As a child of immigrants hailing from the island nation of Saint Vincent and the Grenadines, Tommasino’s upbringing in Brooklyn influenced his own understanding of a larger, global African diaspora. This experience is common, a way to reconcile, a rite of passage. The urban environment continues to inspire. Three longstanding public artworks located in Harlem are temporarily designated as part of the exhibition. The inclusion of these site-specific works, located in subway stations and along the Metro North railway, highlights the populist essence of this pan-African sensibility. It’s a coveted tradition, one that has been deployed thoroughly across disciplines for over a century, but has never been concisely articulated with such focus until now.
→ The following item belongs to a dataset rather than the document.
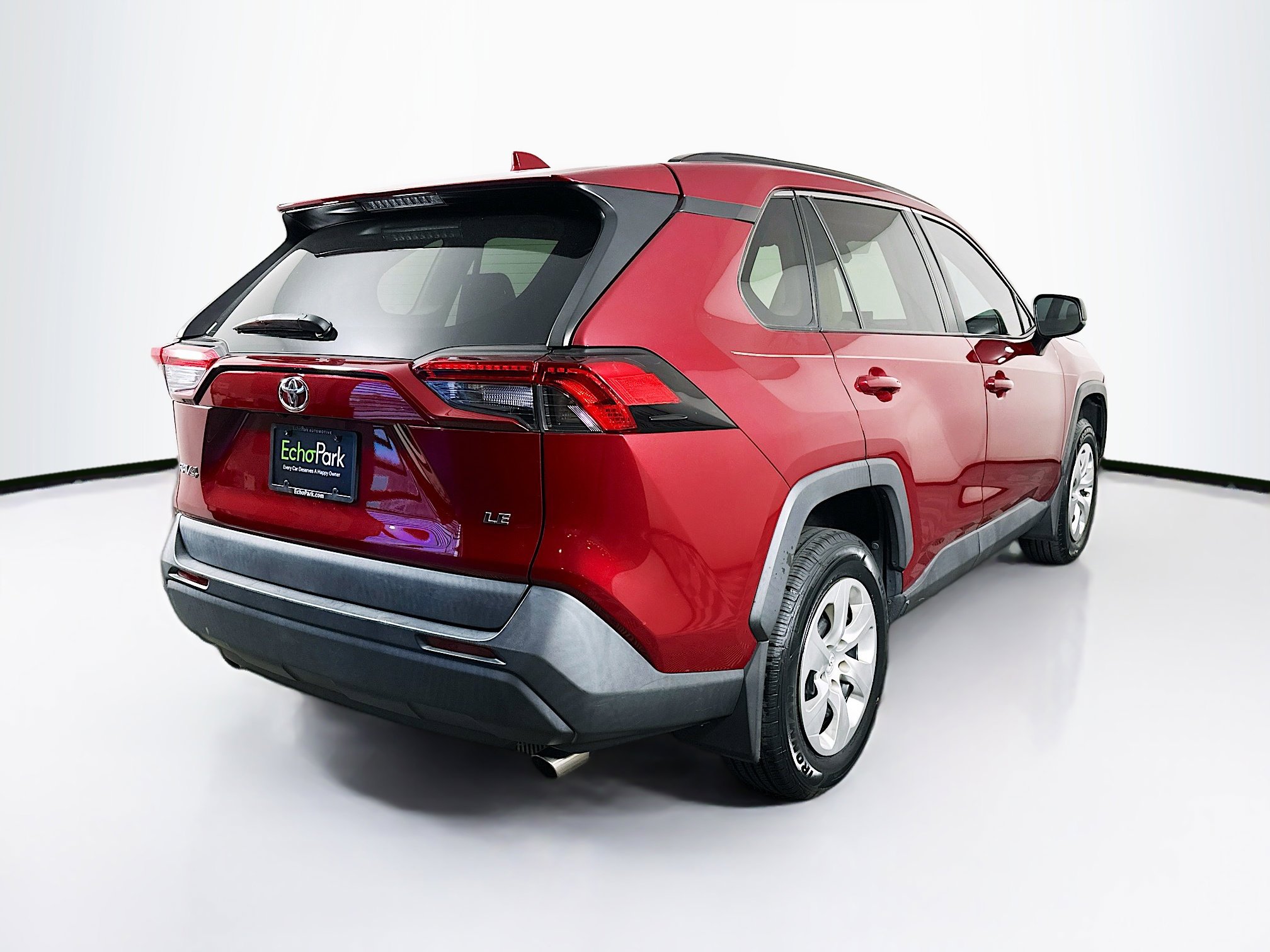 Used 2020 Toyota RAV4 LE FWD image 9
The tradition, however, appears to be so pervasive that it also at times veers into cliché. These gestures of self-appropriation are often derided when pushed up against newer schemas of Black liberation. A pride in Egyptian ancestry among Black Americans has often been relegated to an association with the “hotep,” a term referring to a derogatory archetype of Black pride that has come to resemble a parody of the aesthetics on display in the Met show.
I asked Tommasino about potential associations with the label “hotep,” and he led me to the work of Kemetic practitioner and jeweler Baaba Heru. My eyes were drawn to The Ankh of Love, a hand-forged and -filed talisman composed of copper, silver, and brass in the shape of the symbol for eternal life. My mother’s only tattoo is an ankh. Her name is Love. “Heru said that when he got into Kemetic studies, saying ‘hotep’ was a way to greet each other with peace,” Tommasino explained, adding that he hopes this exhibition “helps resuscitate some of the original spirit of the greeting of peace.”
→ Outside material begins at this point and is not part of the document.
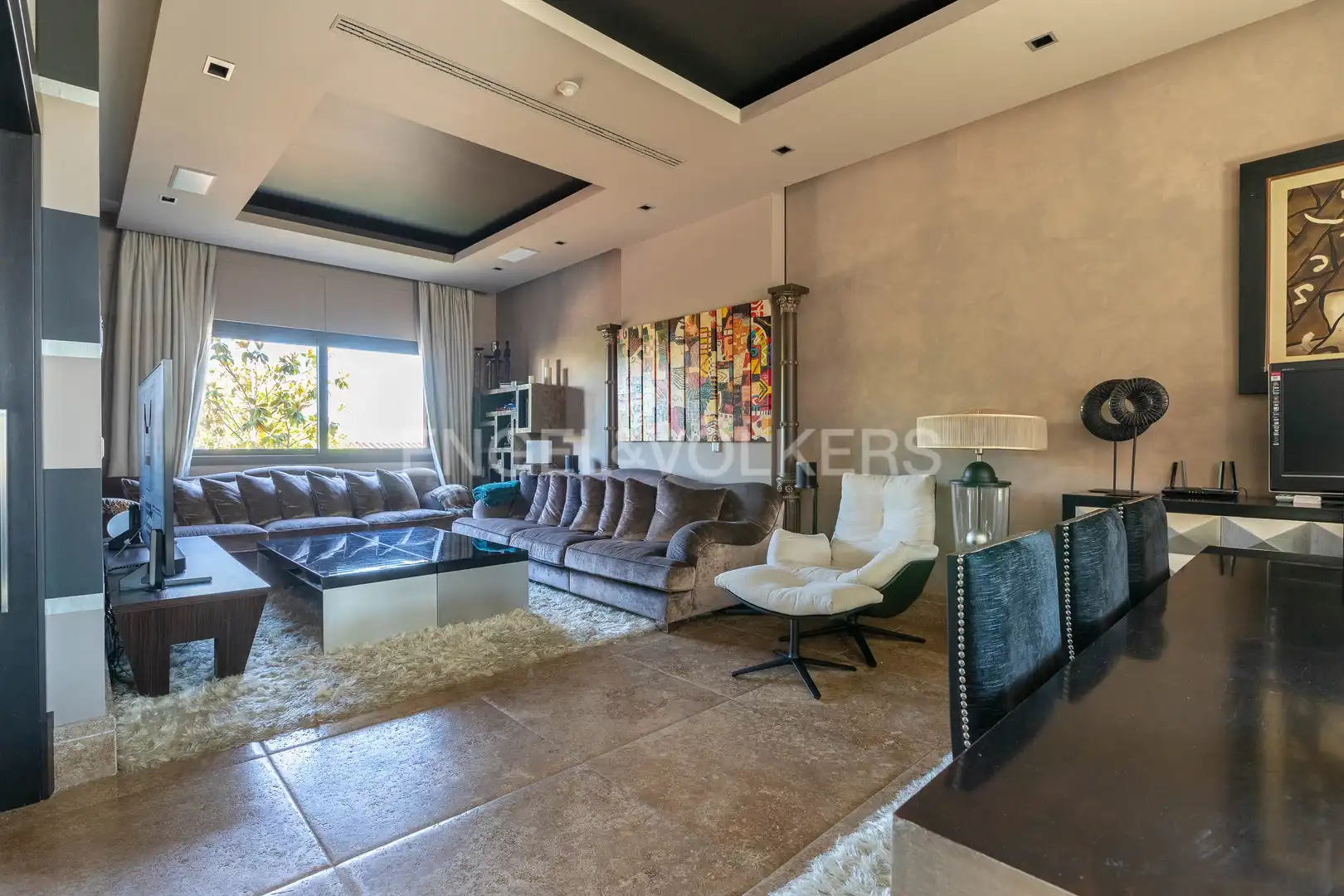 Sala d'estar de Finca rústica en venda en Dos Hermanas amb Aire condicionat, Calefacció i Jardí privat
What we’re left with is a tradition still in-progress. As a counter to the storied conditions of our social realities, such cooptation proves essential to our own perpetuity. In communicating the countless ways in which Black artists lay claim to these symbols as artifacts of ourselves, the exhibition offers a look at their nuanced circulation through a third eye.
“Flight into Egypt” is on view at the Metropolitan Museum of Art until February 17, 2025.